(Stored data)

▼

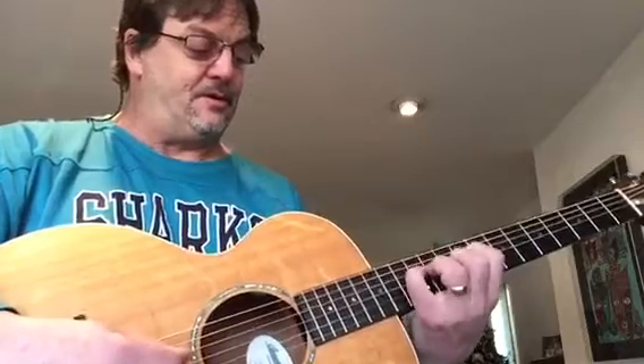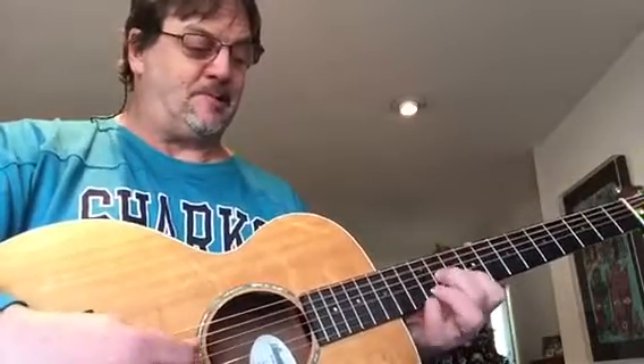You can even see it curves inward versus out, like a lot of people when they're playing. Mine curves in because I've taught it to have exact pressure, and this part of my pinky — not the middle — is actually the part that's hitting the string. And you can see I can get a lot of strength.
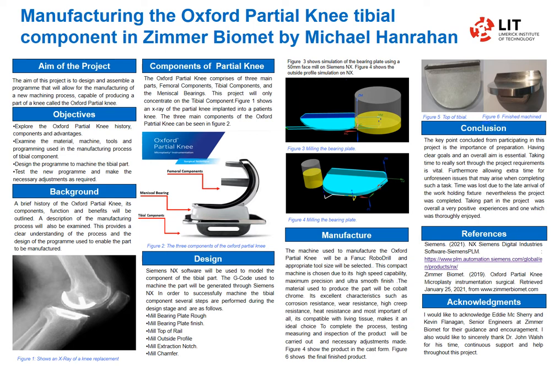The components of the partial knee — there are three main components: the femoral component, the main component itself, the bearing, and the tibial component. The tibial component is the component that I will be concentrating on here.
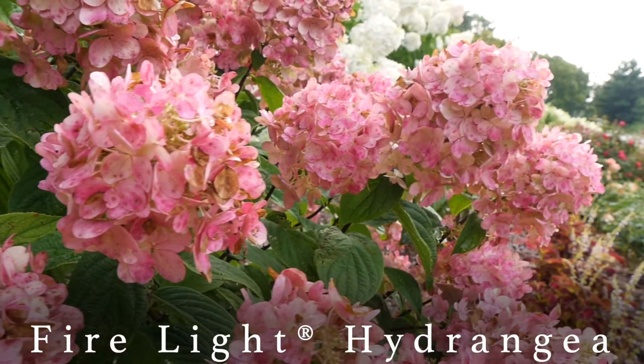Hey guys, how's it going? Laura with Garden Answer. Today I want to talk about Firelight Hydrangea, which is National Hydrangea of the Year.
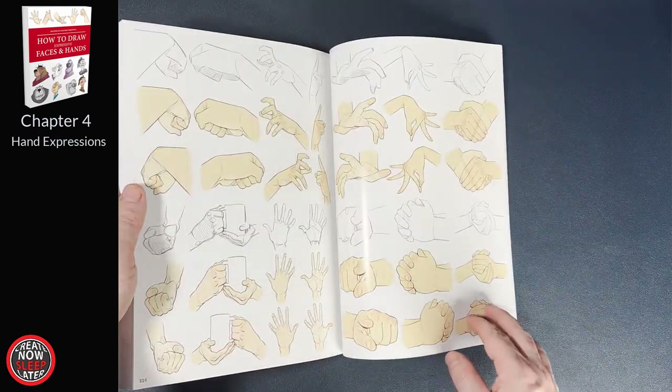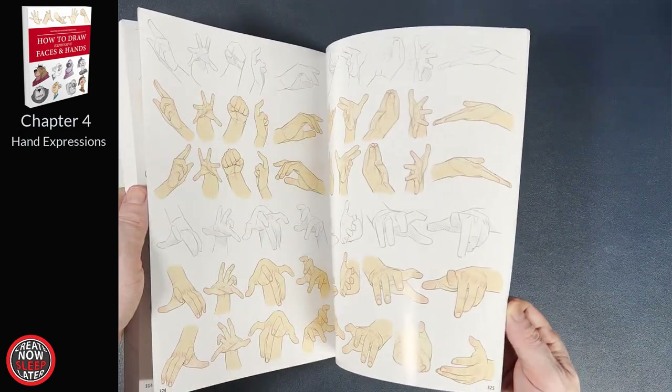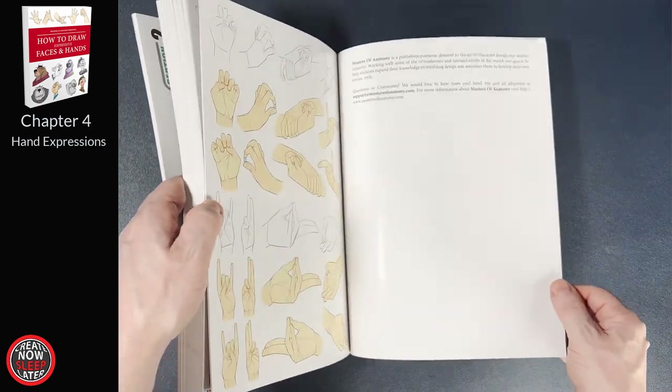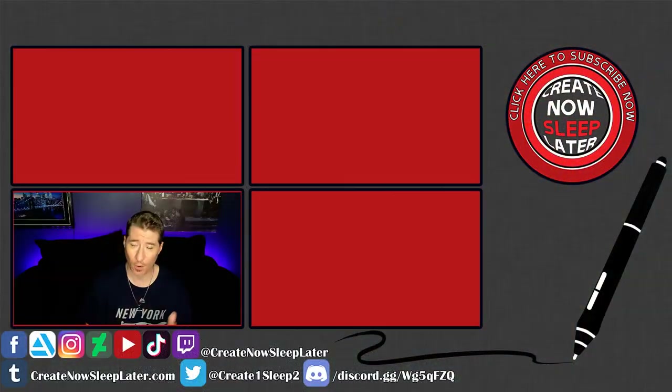So it's probably no surprise — my recommendation is to pick it up. There's a ton of work that went into this book and there should be something for everyone here. How are you liking the Masters of Anatomy books so far? Drop me a comment below and let me know. I hope you like this video. You can share these videos over here, or join the Discord and check me out on Twitch. I'll see you guys in the next one.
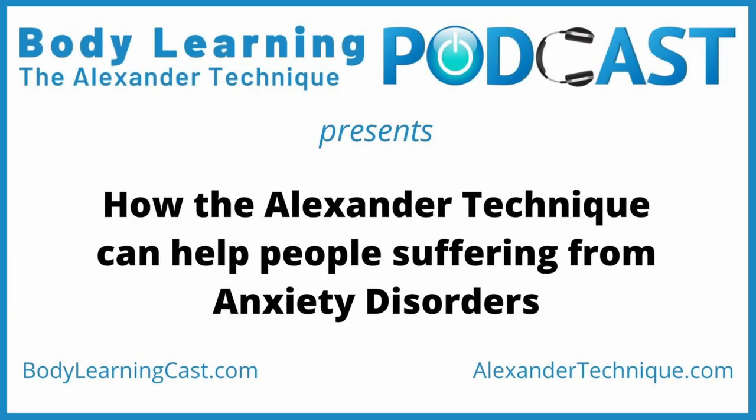Hello, this is Robert Rickover at BodyLearning, and today my guest is Mastena Nazarian, who is an Alexander Technique teacher in Melbourne, Australia. We're going to talk today about her experiences growing up in war-torn Iran, and how the Alexander Technique has helped her deal with some of the fallout from that experience.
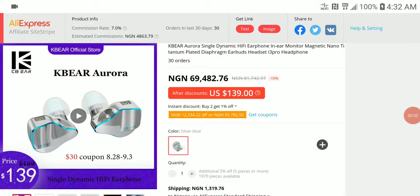KBA has finally released another flagship dynamic driver earphone — this is the Aurora. This is their first flagship for the year, continuing the KBA Belief flagship they released last year, which this replaces.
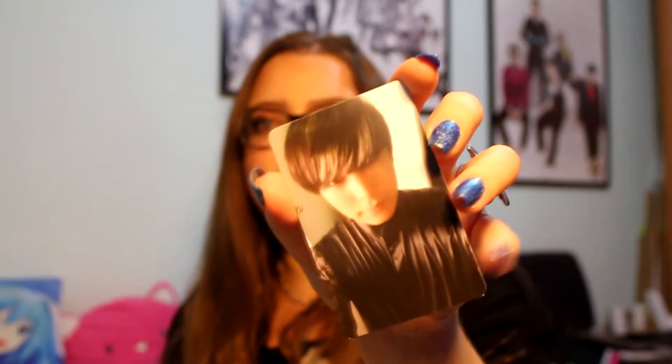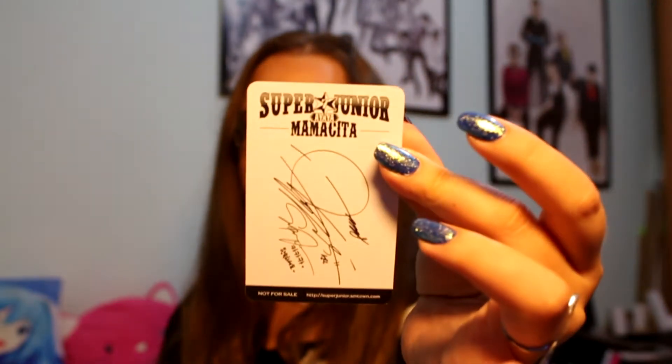This one I will do an unboxing of — it's Mamacita second press. I had the first press which had the wrong printing, so this is the second press. I need to compare my own copies to confirm the differences. Let's open this one and see which photocard I got — it's always hard to open this box, it is so pretty. I love this! And I got Sungmin. I think I already have Sungmin — I also got him in Superman — so I think I do have him.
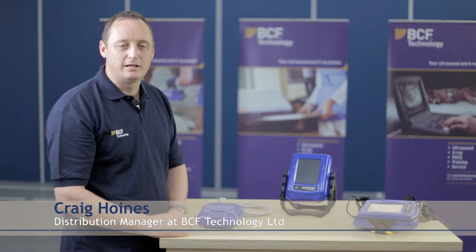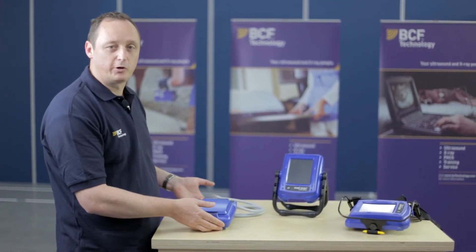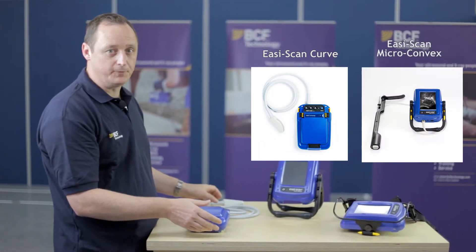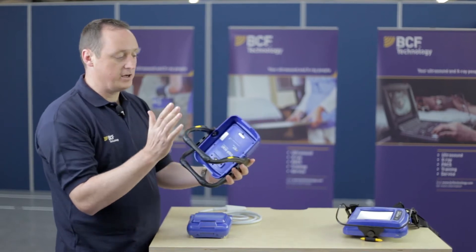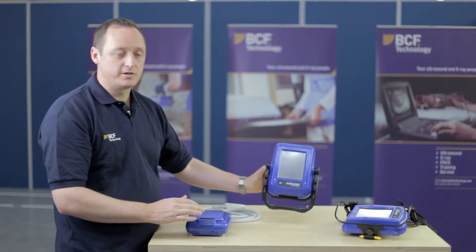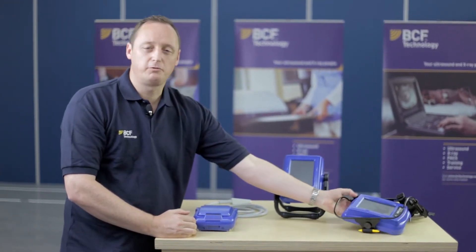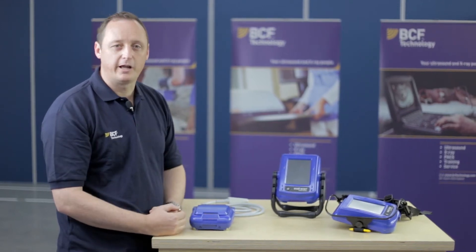Looking at the smart display and how this works together with the EasyScan. We have the EasyScan product, which could be the linear, the curve, or the micro-convex probe option. It works with the smart display and I'll show you how to attach the EasyScan to the back of the smart display. Then we'll look at the smart display harness version and go through each application, as they are different and have different applications.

▲

### Aim of the task
Return only the lines running from the top of the data to the line that holds "The components of". Include both of those lines, but skip the pictures.

### Response to this task
You can even see it curves inward versus out, like a lot of people when they're playing. Mine curves in because I've taught it to have exact pressure, and this part of my pinky — not the middle — is actually the part that's hitting the string. And you can see I can get a lot of strength.
The components of the partial knee — there are three main components: the femoral component, the main component itself, the bearing, and the tibial component. The tibial component is the component that I will be concentrating on here.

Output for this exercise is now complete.